How-to: The Last Choice, A Questioning Strategy for Your Astro 101 Lecture
11/30/2018
By Stacy Palen.
Often, in-class questions are presented as a binary choice: “Does the star grow, or does it shrink?”
I always couch these as, “How many of you think the star grows?" Wait for hands. "How many of you think it shrinks?" Wait for hands. "How many people think that 9:30 in the morning is an unfair time to ask that question?" (Wait for hands.)
The last choice, though it may seem frivolous, is really important.
I try to make these last choices light-hearted and a little bit funny. For example:
- “How many of you were asleep just now?”
- “How many of you were thinking about lunch?”
- “How many of you were thinking about puppies instead?”
- “How many of you wish we would just get to black holes already, and stop talking about nuclear fusion?”
You get the idea. The light humor helps them stay focused and makes it clear that I expect them to put up their hand for every question at some point, even if it’s the silly last choice. I expect them all to participate, every time.
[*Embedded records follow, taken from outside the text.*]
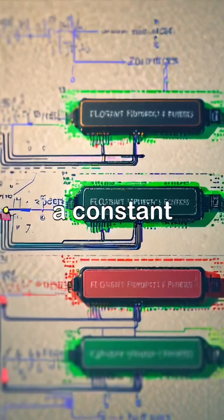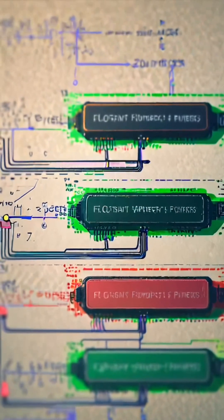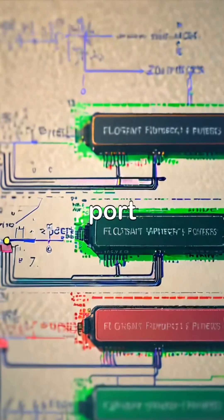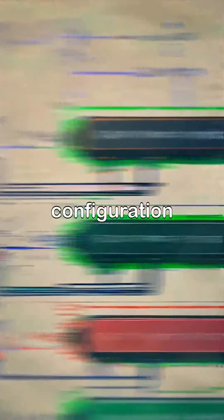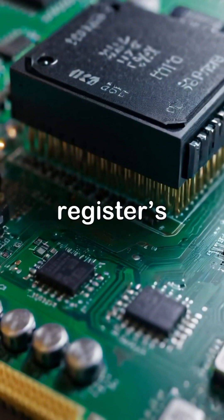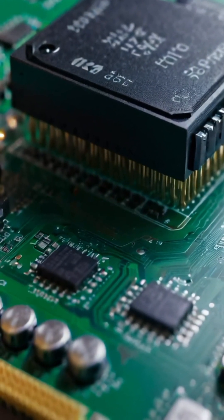For example, a constant pointer can ensure that a pointer always points to a specific I/O port or configuration register while still allowing modifications to the register's value.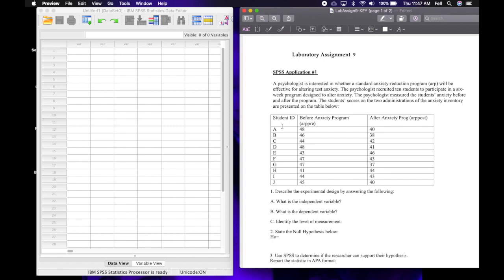A psychologist is interested in whether a standard anxiety reduction program (ARP) will be effective for altering test anxiety. The psychologist recruited 10 students to participate in a six-week program designed to alter anxiety. The psychologist measured the students' anxiety before and after the program.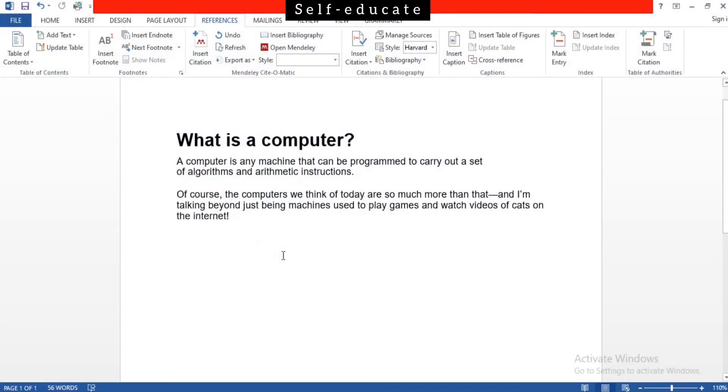Hey guys, welcome back to my YouTube channel. Hopefully meeting you all after a long time. In this video we're going to see how to add citations and references using Harvard referencing system in Microsoft Word 2013. Let me show you how to do it in the easiest and simplest way.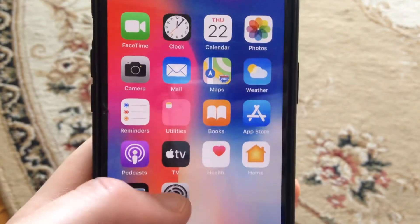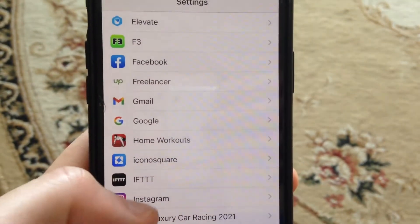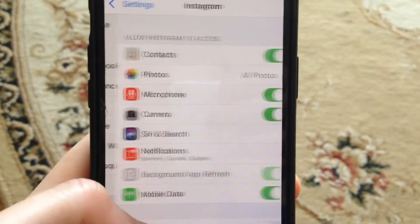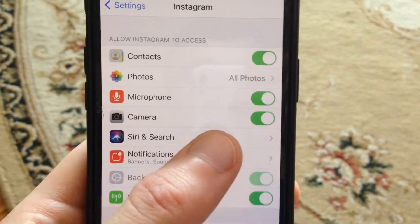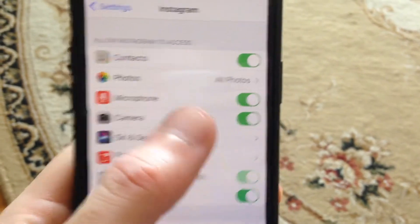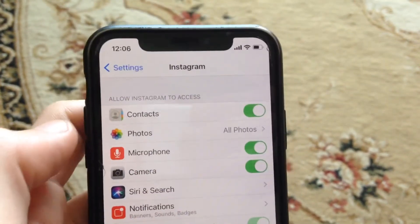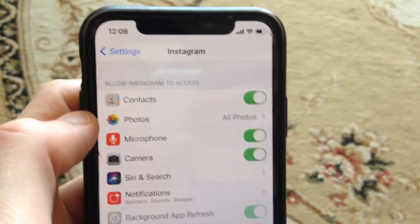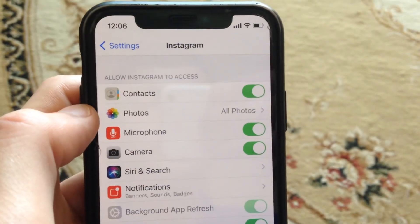So mostly you just need to go to the Settings. In the Settings, just find the Instagram app, open it, and now just turn on the camera option here. You need to enable this option to allow Instagram to use your camera.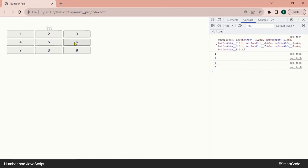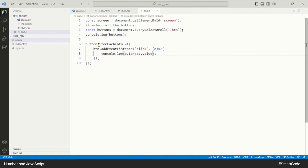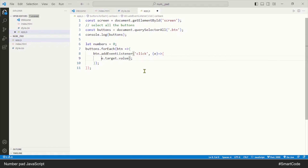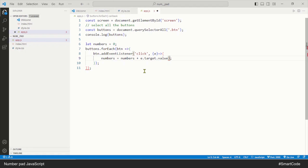We are now getting the values. We just need a variable to collect all the values and show them on the page. We declare a variable 'numbers' and collect the values using the concatenation process, like this, and put it on the page.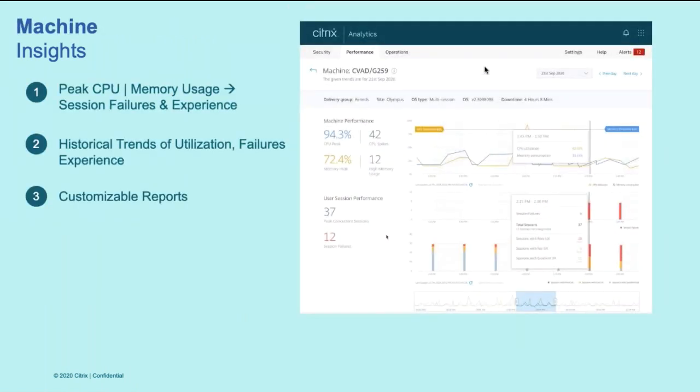Using this view, you will be able to quickly view the important stats of the machine such as the number of times it has breached and had a sustained CPU spikes and memory usage as well, and correlated with the corresponding sessions at that point in time and see how that has impacted the overall user experience.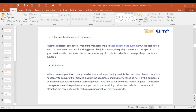Another important objective of marketing management is to keep customers satisfied who are associated with the company's product for a longer period. For this purpose, quality matters a lot, but apart from this, good service is also concerned — like on-time supply of products without damage. Please have an after-sales service plan and go very deep into the product so that you can retain a consumer for a very long time. Third, profitability: without earning profit a company could not survive. Earning profit is the backbone of a company — it is necessary for growing, diversifying, and maintaining a business.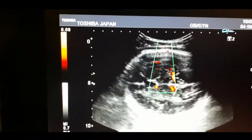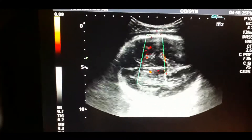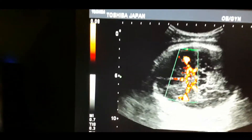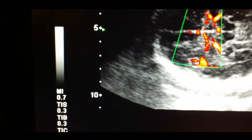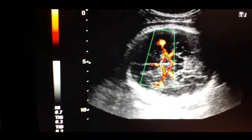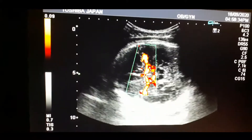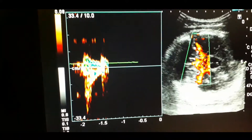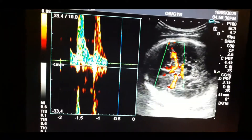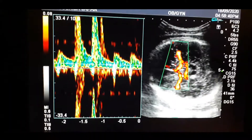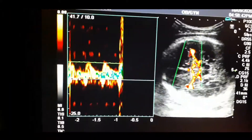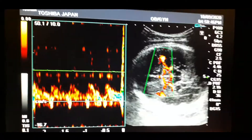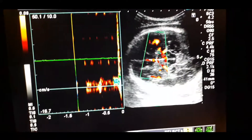Now I will like to put the power Doppler to calculate the peak systolic blood flow. There is a high resistance blood flow in the middle cerebral artery. This is a type of flow in which the systolic component is much more than the diastolic component — you can see the wave pattern.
The last choices -- and the way students react, by laughing or groaning, for example -- help me figure out where they are in their heads. Do I have their attention? Are they feeling confident to take a risk and make a guess? Are they actually listening to me at all? Were they really thinking about puppies?
I often don’t interpret that response in the moment. After class, while I’m walking back to my office and putting my notes away, I’ll think about what was happening in the classroom right at that time when I asked the last question.
Was there a better way to explain before I asked the question? Had I been talking too many minutes in a row? And so on. I might make a note in my lecture notes about a sticky concept, or an analogy that worked particularly well. This reflection afterwards helps me improve for next time.
Most importantly, the last choice gives students an “out.” It is an acknowledgement on my part that they might not know the answer, and that’s OK. I expect them to go ahead and guess sometimes! Giving the last choice makes it clear the question is not a referendum on how smart they are. I am genuinely asking the question because I am trying to figure out what they have understood so that I can help them.
Really, that’s what the last choice question is all about: it’s a less intimidating way for them to say, “I don’t know.”
The last choice helps students to stay focused because they know there will be a moment when they can answer honestly, and often it will come with a laugh.
A closing note on classroom technology: Sometimes I use “clickers." Sometimes I use a piece of paper divided in 4, with A, B, C, D written on each square; students fold the paper to show me the letter of their answer. Sometimes I just have them put up their hands, because the question is an extemporaneous one that just happened naturally in the course of my lecture. In this post, I talk about the questioning strategy as though it applies to extemporaneous questions. But of course, you could use this strategy for a planned questions, too.